7: He Assumed He Could Refute the Value of the Buy-Back Policy
The value of Herbalife's 12-month buy-back policy cannot be under-stated. When I see former distributors crying foul about the money they've lost, I care....but....I wonder if they knew about the return policy. Herbalife offers a 12-month refund on all unused / unsellable inventory (without a restocking fee). When people are upset about money lost, it's clear that the issue is regret. They regret using the product. But they still used it and derived value from it. The 12-month buyback policy, which is adopted by Herbalife and strongly encouraged across the entire industry, is the ultimate consumer safeguard. It's designed to help distributors get their money back on unsellable and unwanted inventory when they decide to exit.
And for the sake of argument, suppose Herbalife distributors are consuming over-priced products with the expectation of deriving returns from the pay plan (opportunity driven demand). This argument is central to Ackman's thesis. If you look at the full BurnLounge Statement of Decision, which has never been referenced by Ackman or other critics, the judge dedicated almost 10 pages to the value of the BurnLounge product (or lack thereof).

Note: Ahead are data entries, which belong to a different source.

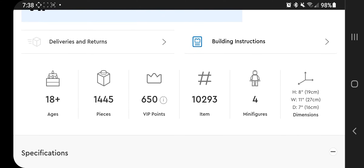A couple of the items: it's an 18-plus set, 1,445 pieces, 650 VIP points. If you're buying this set, make sure you use Rakuten to get 2.5% cash back. If you're not a Rakuten subscriber, check the description for my referral code — we both get a little bit of credit if you use a referral code. As a VIP, 650 points is a $5 gift card, so you basically get 5% back by doing both. There are four minifigures. The set is 8 inches high, 11 inches wide, 7 inches deep — not that big, but on par with the other sets.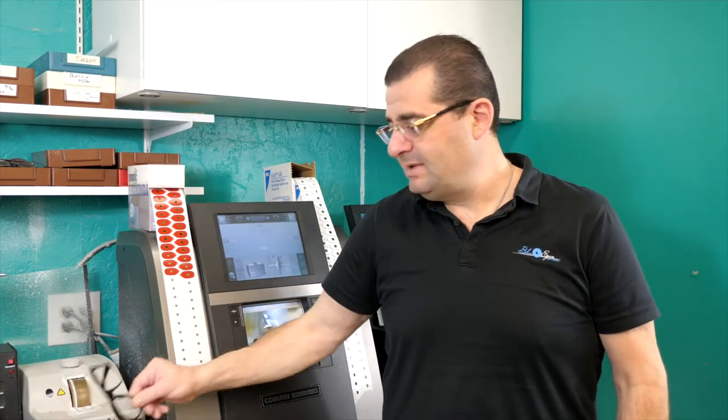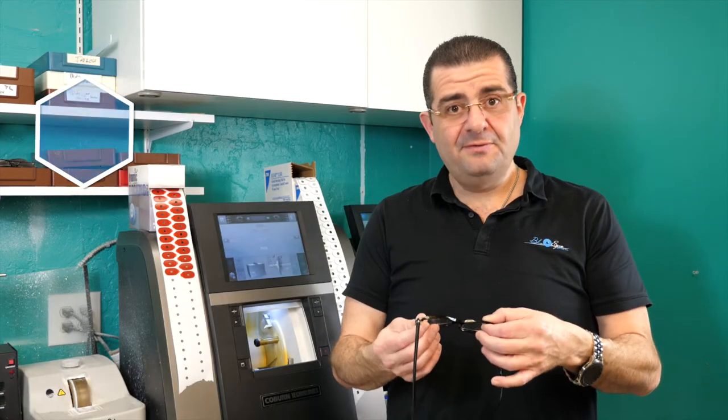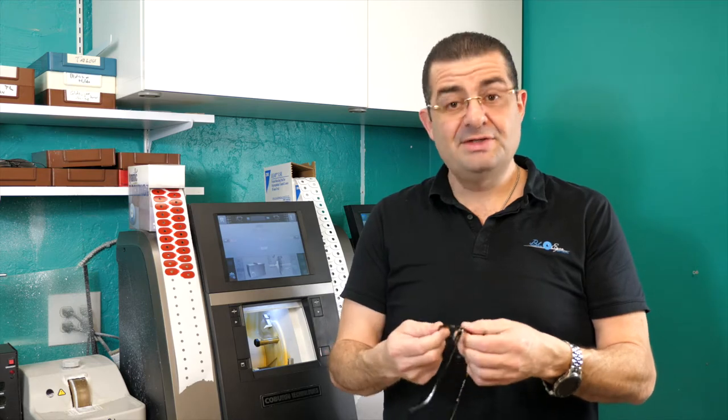Good morning everyone. Today I wanted to show you how optical lenses are cut and put into the frame. The first step is we take the frame and take the demo lenses out to trace the frame.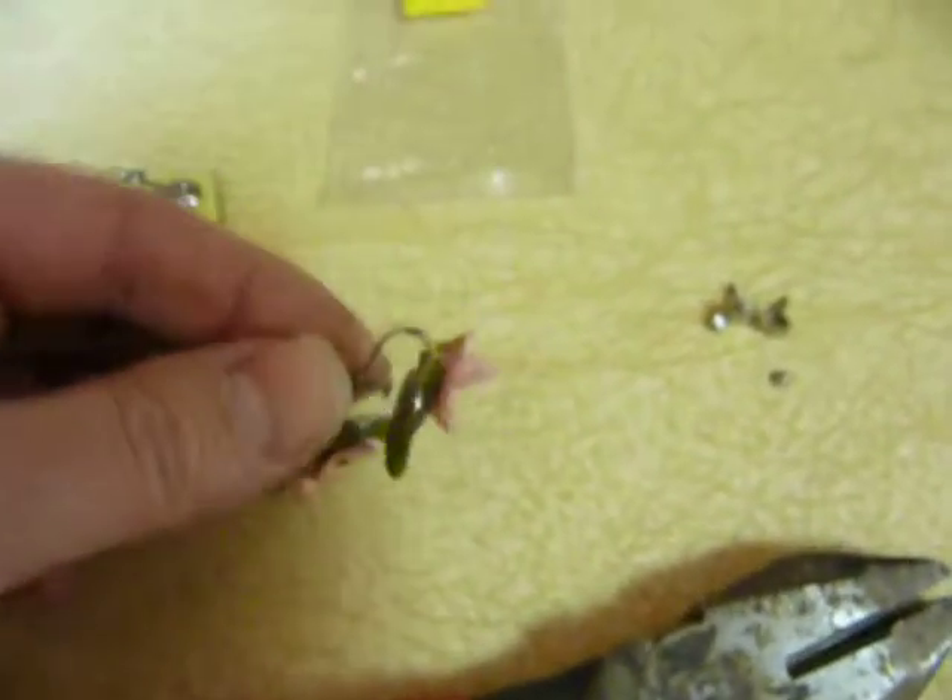So basically what you do is you unscrew the clip-on to about halfway, you take a pair of wire cutters, you place them on the back of that, clip it off, and then you have those parts you can get rid of.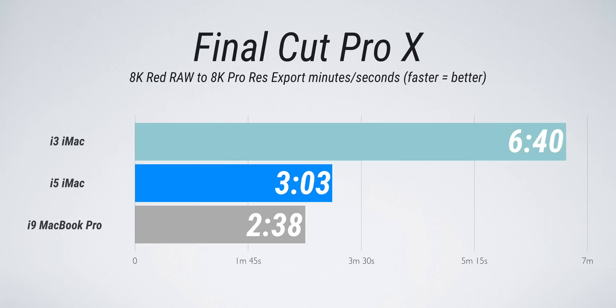It's worth noting that background rendering was turned on for that project, which is how most Final Cut users will use Final Cut. But to push things further, I turned background rendering off, opened up some RED 8K RAW footage, and exported that to 8K ProRes — and that showed a much bigger performance gap between these models. The quad-core i3 iMac clocked in at six minutes and 40 seconds, the six-core i5 model was a huge jump at three minutes and three seconds, and the 15-inch Vega MacBook Pro was two minutes and 38 seconds — really fast.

He ultimately concluded that the products had SOME value; thus, he discounted the amount of consumer harm calculated by the FTC. As an example, if a product was really worth $100 but sold for $500, the consumer harm could be pegged at $400. In Herbalife, if distributors are being duped into consuming over-priced items, it cannot be ignored that they derived SOME value; thus, dramatically minimizing the exaggerated losses claimed by Ackman and others.

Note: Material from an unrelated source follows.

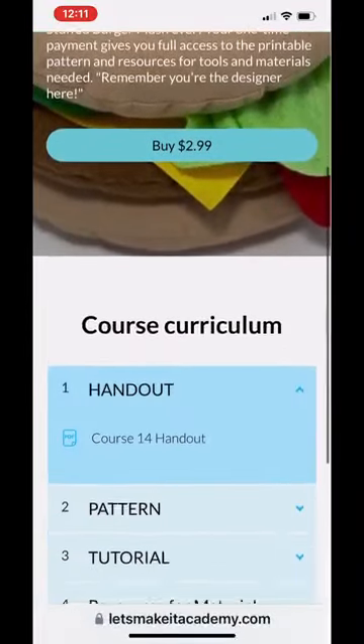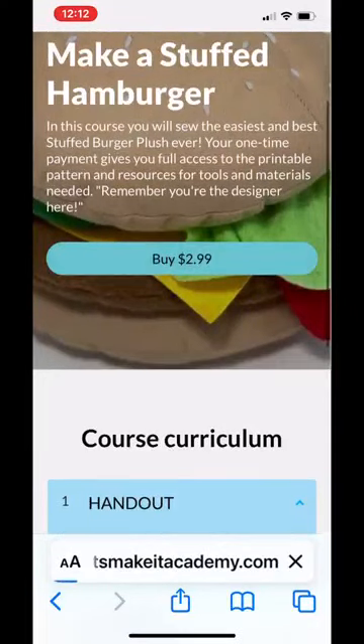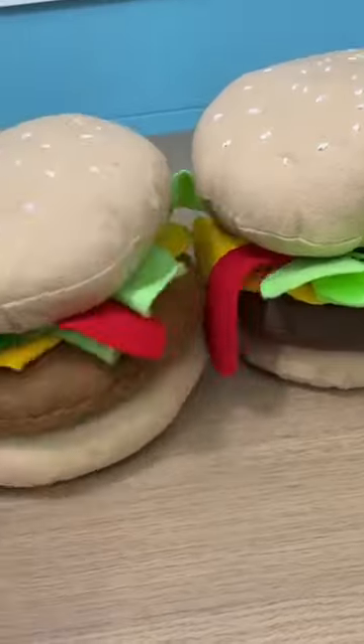See you in class! The course is pre-recorded, so you can sign in and sign out whenever you want and learn when and where you want.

When you factor this element with the 31% drop-shipping statistic + the 73% statistic of orders from non-qualified distributors + the 12-month buyback policy + the 0.2% return rate + the minimal amount of consumer complaints...it paints a clear picture: the products have legitimate value and the consumer safeguards are sufficient.
Ackman's gamble is over. This is not false bravado. I'm calling it now like I called it with Bob Chapman weeks after Ackman's first presentation. Ackman can waste his investors' money as long as they'll allow. It does not change the fact that Ackman's argument was premised on several assumptions, all of them faulty. It took little skill to craft an argument and seem convincing to those unfamiliar with the issues. The MLM space is murky, to say the least. But Herbalife has never taken ranks with the companies on the bottom-rung. Ackman knew this, relied on an undisclosed legal report from a firm with zero experience in the category, relied on several other assumptions, took a gamble, and failed. Recent statements from Ackman seem to be coming from a man with a bruised ego, leading with his emotions and not his head. Herbalife is not a pyramid scheme and with each passing day, they evolve into a better company.
Additional disclosure: Our firm has not been retained by Herbalife and I'm not being compensated to write this article.